Directions:
Without the pictures, repeat the listing character for character.

Dataset excerpt:
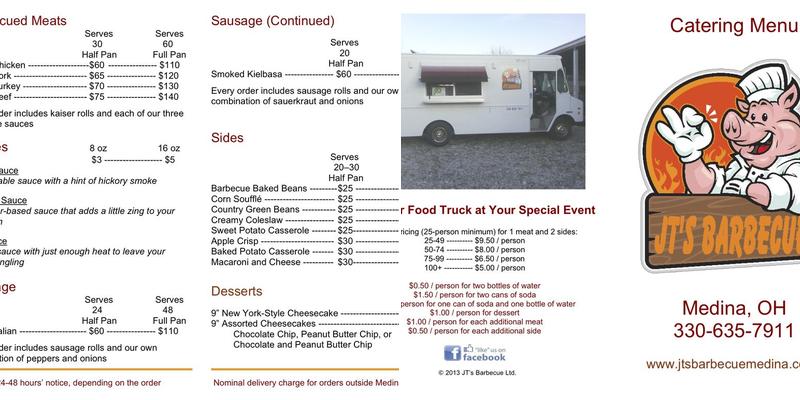 JT’s Barbecue Catering and Food Truck Menu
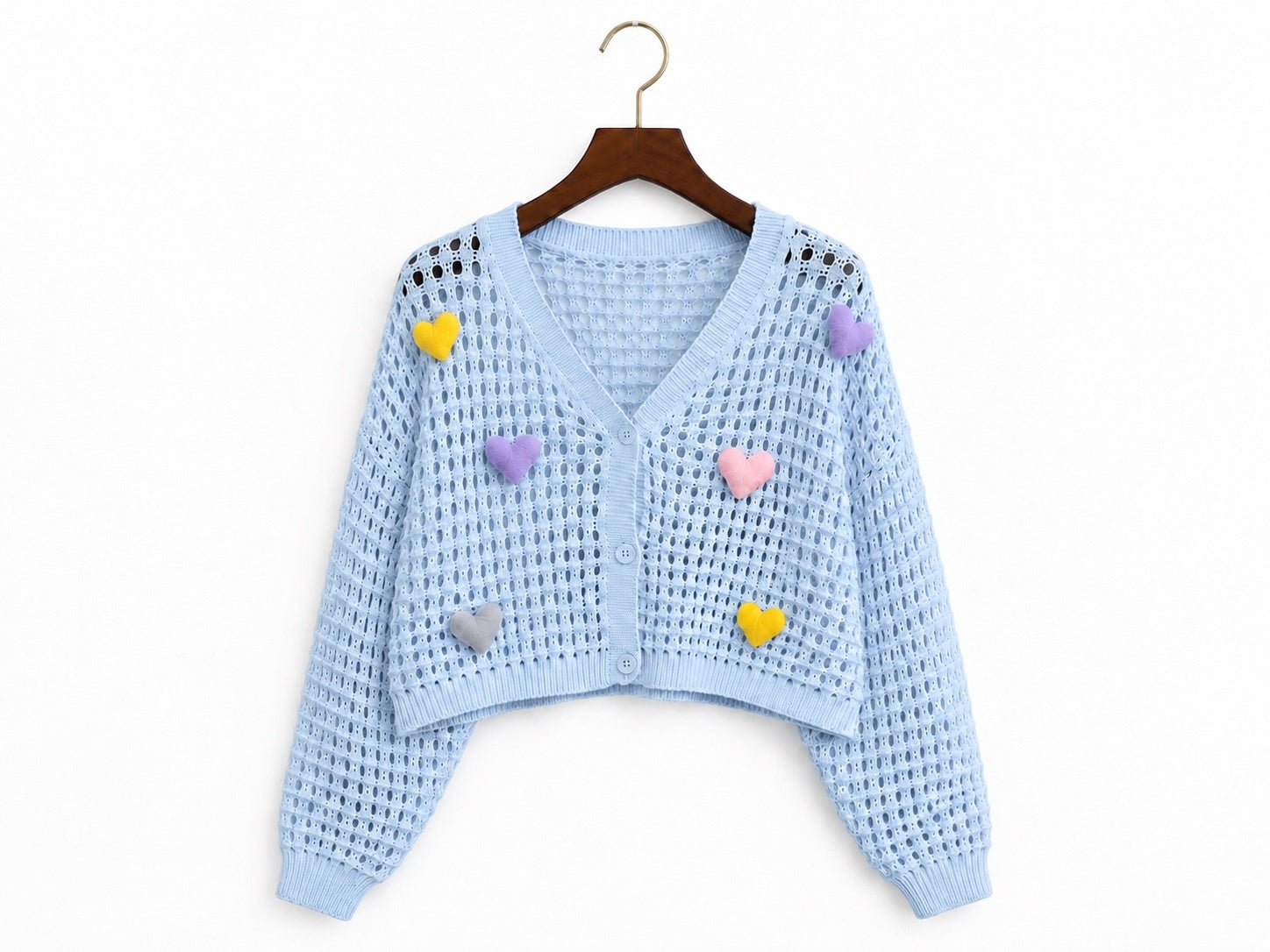 Heart Popcorn Crochet Knit Cardigan – Free Size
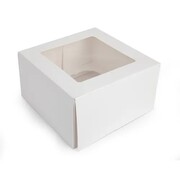 White Cupcake Box 7in (holds 4 standard Cupcakes) Pk 1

Answer to this task:
 JT’s Barbecue Catering and Food Truck Menu
 Heart Popcorn Crochet Knit Cardigan – Free Size
 White Cupcake Box 7in (holds 4 standard Cupcakes) Pk 1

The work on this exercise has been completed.